RODS -- The rods used for downrigger
fishing are of a special design. They need to be a stiff enough lower
section, yet have a lighter tip section so that they can be cranked down
to just before the release is tripped. In use, the rod is arched
greatly. What this does is place a lot of strain on the line & the rod,
with a minimal amount of slack from the release to the rod. When you let
the line out off the downrigger & stop the ball, you probably will then
have to reel in slightly to take out all the slack in your line. I have
found that if I pull the line back in at this point with one hand & reel
with the other, I can "feel it" better. I want the slack taken
completely out & the release pulled up to just before it releases. If
you trip it off occasionally you are getting it about right. When the
fish hits, the rod snaps up, setting the hook.
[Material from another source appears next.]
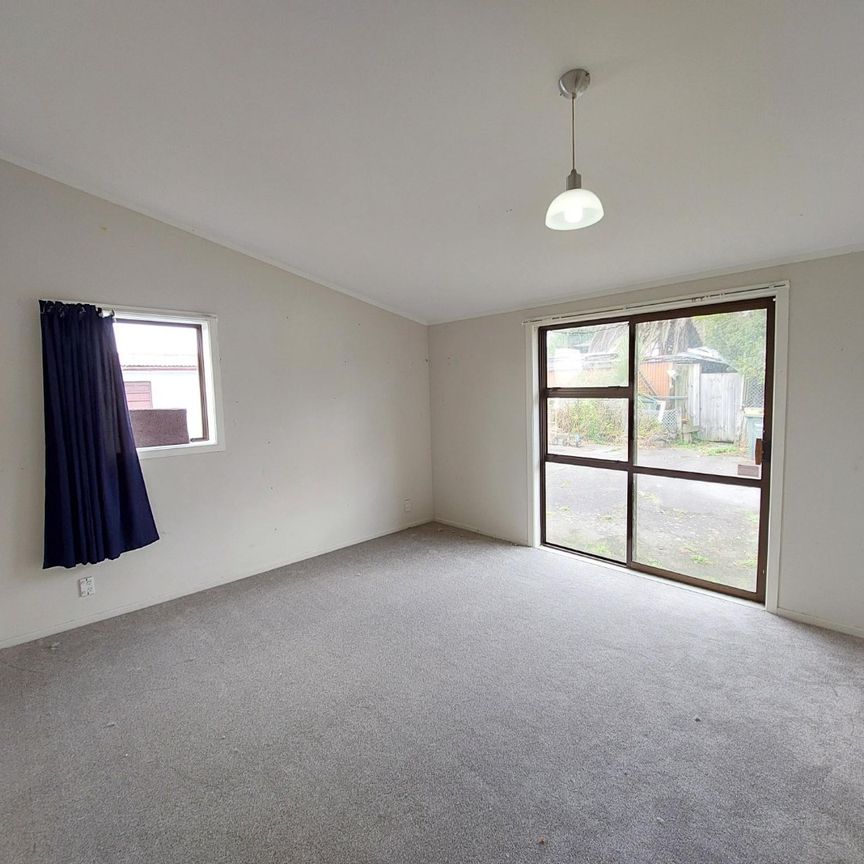 Country Atmosphere With Convenience Accessibility - Photo 1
If you use a lighter rod you do not get this automatic hook setting
action. Longer "noodle" rods are also not considered desirable here for
the same reason. This is not to say they can not be used, but if you do,
you will have to be ever watchful & as soon as a hit is detected, reel
in as fast as possible to take up the slack & get into the fish.
ROD ANGLE -- Set the rods at about a 45 degree angle rearward to
achieve the desired effect described above. If your rod is pointing
rearward more, it CAN NOT achieve any of this automatic hook setting
action. The rod seems to work best if mounted pointing to the rear
instead of to the side, however this will depend on where on your boat
you have the downrigger mounted, & the DR rod holder you are using.
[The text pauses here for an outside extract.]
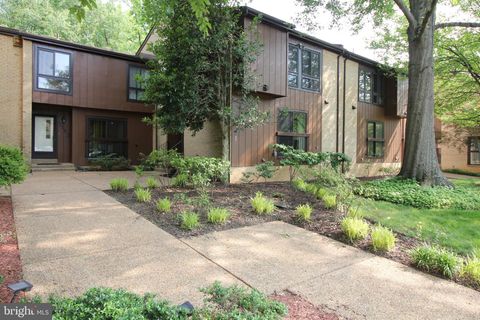 3187 READSBOROUGH COURT FAIRFAX VA 22031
The Canadians seem to want to use the 10 1/2' mooching rod as an
all-around rod. This is not an ideal trolling rod by any means,
especially if it is placed 90 degrees to the boat as an extension of the
downrigger arm. They then also want to run the flasher 60' + behind the
clip. What this does is, there is so much belly in the fish line & the
long "noodle rod", that if you get a hit, this limp rod does not set the
hook and it may not even trip the clip. Your only hope is to, as SOON as
the rod tip twitches, grab the rod & REEL FAST. If you come in empty,
well, then you missed the fish. On the other hand if when you get all
the slack reeled in & something is wriggling on the other end, you
lucked out.
REELS -- The main concern is to have a reel with a good smooth
drag. If you have one that is old & or not maintained that has a drag
that is erratic that will allow the line to be only stripped off in
spurts, this is an invitation to loose a GOOD fish. The smaller fish
will probably not be a problem, but a larger fish, when running, will
not have the same constant strain applied. This then may allow it to
stop at the "hard spot". Next run will be starting with more strain, &
possibly break off or pull the hooks out.
Most commonly used reels will be the star drag, level wind reel. You do
not really need a large capacity reel, since you are in a boat & do have
the ability to chase the fish if need be. However it is very seldom that
more than 100 yards of line is really needed. An Ambassedeur 5500, Penn
310 GTI, Shimano Triton 200G, or Shimano Calcutta are some of the
preferred ones.
If you use a reel capable of holding 250 yards of 20# or so of line, you
can use it one year, & the next year swap ends of the line on the spool
for fresh line on the normally used section (top) for the next season.
LINE -- Here is where you will get as many different ideas as
there is line out there. The normally used type is monofilament. The
suggestion is to find one brand that you are comfortable with & stay
with it. You however need a line that is abrasion resistant enough to
not be effected by repeated use of the downrigger release clip. You also
need a line heavy enough to pull the flasher & rest of the gear. Some
will use 15# line for the smaller winter Blackmouth, & go up a notch to
20# when the fish get larger during the summer & fall. If you are ocean
fishing, the old standby is 25# monofilament.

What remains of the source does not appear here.